No entanto, o valor que os Estados Unidos pagam pelos supostos US $ 9,1 bilhões de dívida líquida é zero. Pelo contrário, faturou US $ 208 bilhões no ano encerrado em setembro de 2017, uma diferença de US $ 572 bilhões. Se isso fosse resultado de algum tipo de ativo que rende 4% ao ano, isso significa que, em vez de US $ 9,1 bilhões, os Estados Unidos acumularam um ativo cujo valor é de US $ 5,2 bilhões. Uma enorme diferença de US $ 14,3 bilhões.

O que está acontecendo? Por que os Estados Unidos podem experimentar um déficit, tomar emprestado externamente, não pagar por isso e, em vez disso, se beneficiar de maneira extraordinária? E qual é esse estranho ativo cujo valor equivale a 73% do PIB?

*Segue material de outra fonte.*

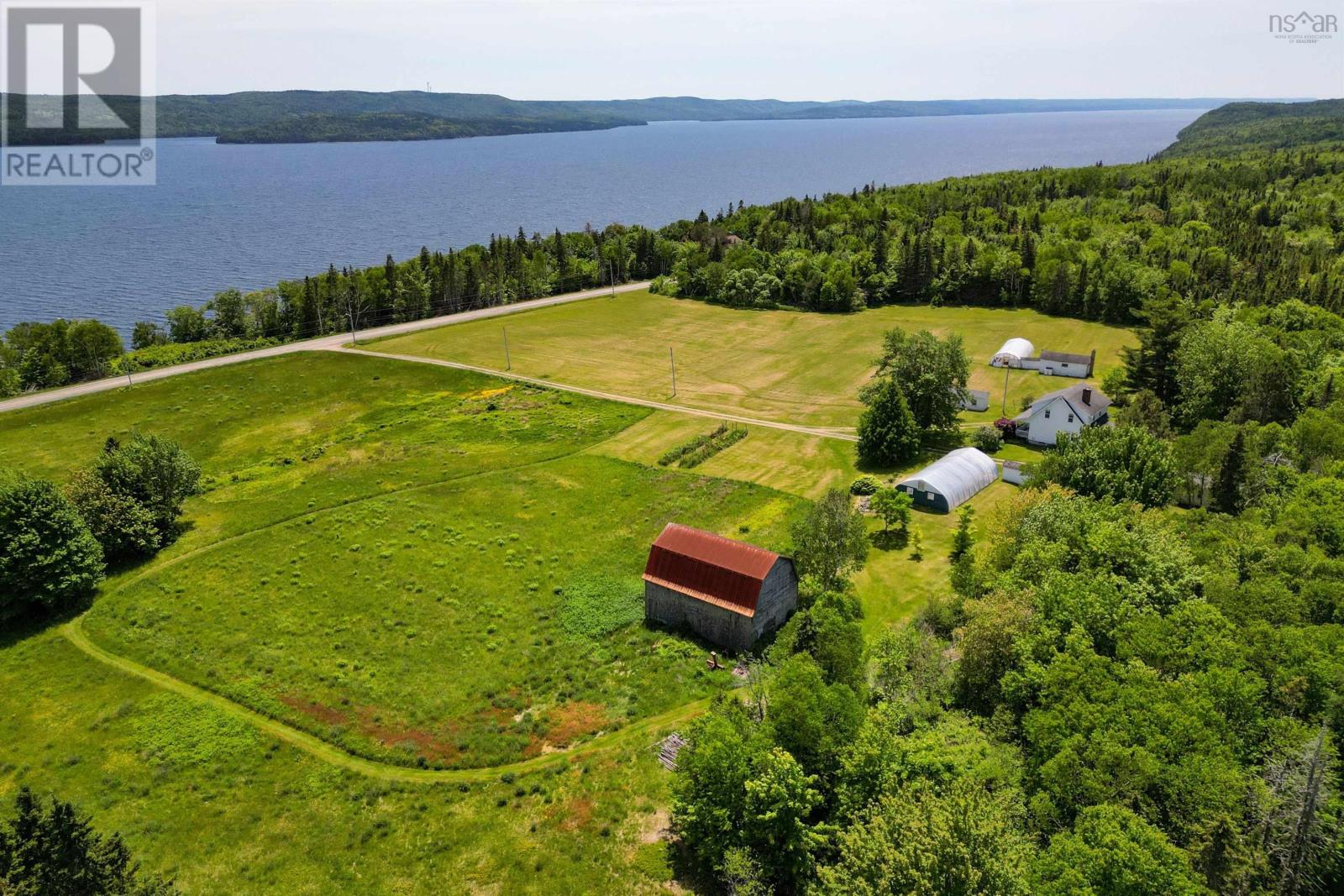 2438 Hillside Boularderie, Southside Boularderie, Nova Scotia  B1Y 2S5 - Photo 4 - 202515422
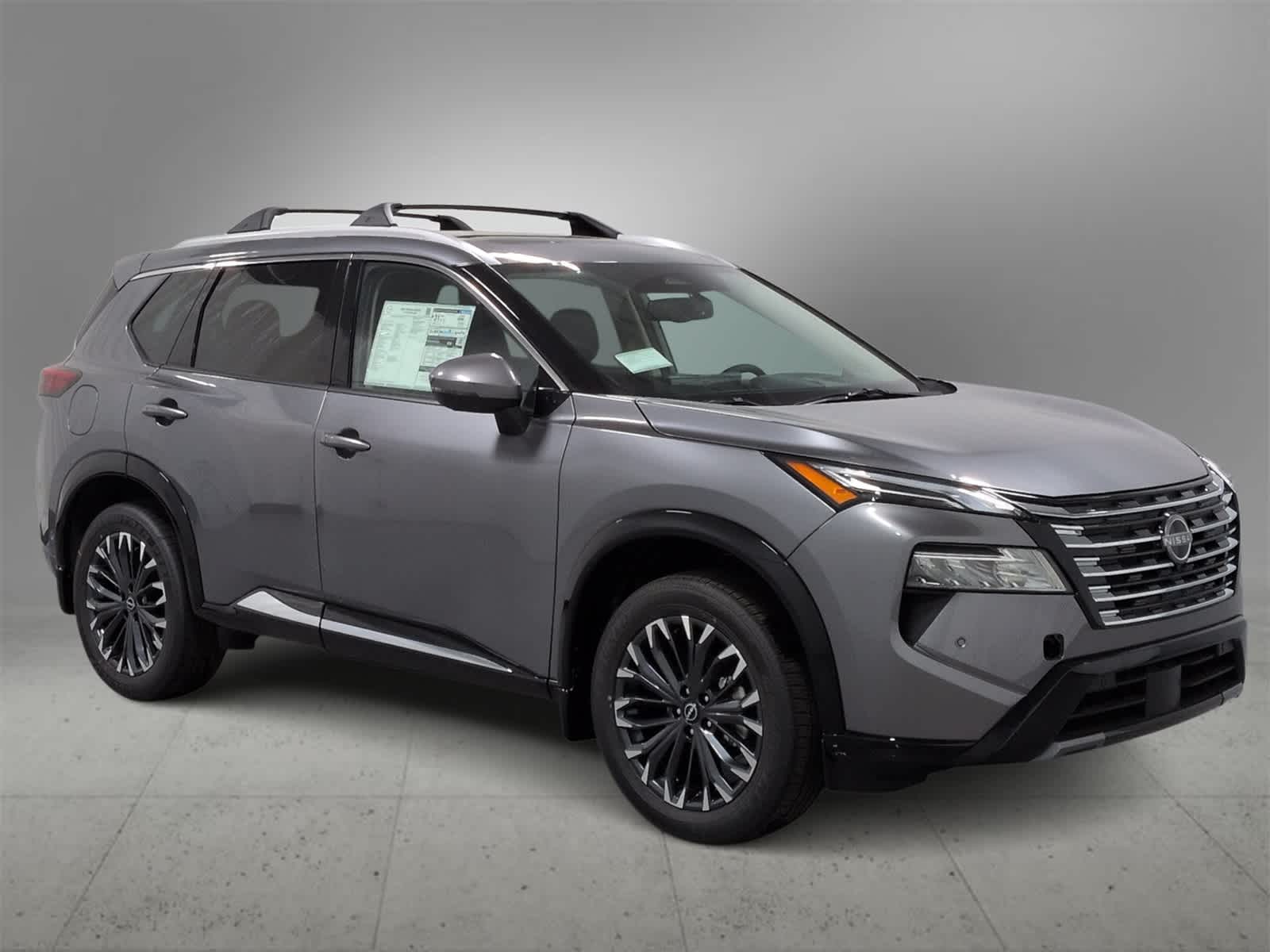 2026 Nissan Rogue Platinum photo 2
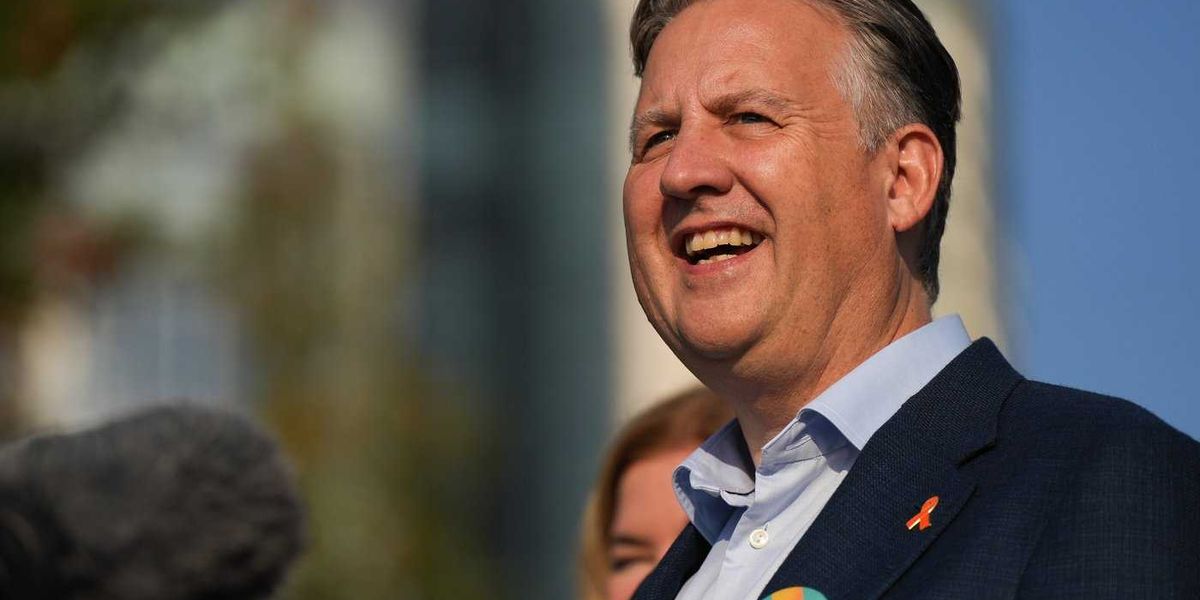 Vancouver’s ex-mayor says minister investigated Vancouver’s ex-mayor says minister investigated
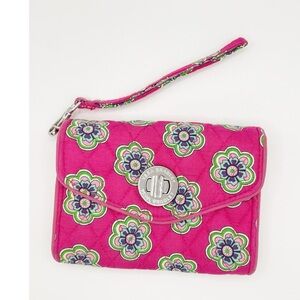 Vera‎ Bradley Pink Swirls Quilted Cotton Wallet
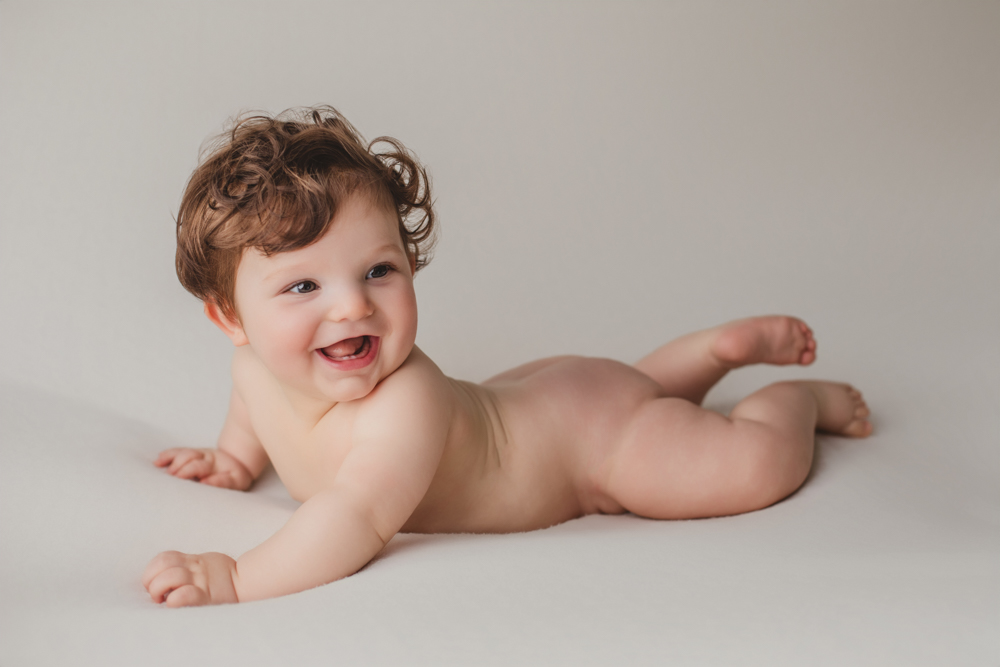 BlancaQuiroga. Fotografía seguimiento 1º año bebé en estudio en Sevilla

Em um estudo que eu recebi em 2005 junto com Federico Sturzenegger, o atual governador do Banco Central da Argentina, chamamos esse estranho ativo de “matéria escura”. Semelhante ao seu equivalente cósmico, ele não pode ser observado diretamente, mas seus efeitos são sentidos, não através de sua força gravitacional, mas através de seu desempenho financeiro. O estudo mostrou que o ativo vem principalmente do valor internacional da tecnologia de cada país, de formas que não são bem captadas pelas estatísticas, mas isso é real. Pode-se notar no extraordinário valor proveniente das atividades internacionais da Amazon, Apple, Facebook, Google, Hollywood e Uber, que não são bem captadas como exportações de bens ou serviços.

Depois de levar em conta a matéria escura, os Estados Unidos não têm déficit externo. Se a posição atual for mantida, não haverá uma acumulação real de dívida que requeira um aumento nos pagamentos líquidos futuros para o resto do mundo. Ignorar a realidade da matéria escura envolve agir como se o avião estivesse despencando quando na verdade está voando alto.

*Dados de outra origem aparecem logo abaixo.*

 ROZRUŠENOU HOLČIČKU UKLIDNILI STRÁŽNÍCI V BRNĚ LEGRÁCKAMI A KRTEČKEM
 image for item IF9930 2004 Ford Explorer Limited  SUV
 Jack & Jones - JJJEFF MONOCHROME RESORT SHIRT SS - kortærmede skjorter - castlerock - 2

Donald Trump argumenta que uma guerra comercial é facilmente vencida pelo país deficitário, já que a outra parte tem mais a perder. Vamos pensar de novo. Não há déficit. Assim como o comércio passou de bens para serviços e depois para conhecimento, o mesmo pode acontecer com guerras comerciais. Uma tarifa sobre o aço pode ser respondida, não com uma tarifa sobre o milho, mas com um imposto sobre a Amazon ou o Google. De fato, a União Européia já está se movendo nessa direção , embora por razões diferentes. Permanecer no escuro quanto à matéria escura do comércio levará o mundo a um lugar verdadeiramente escuro.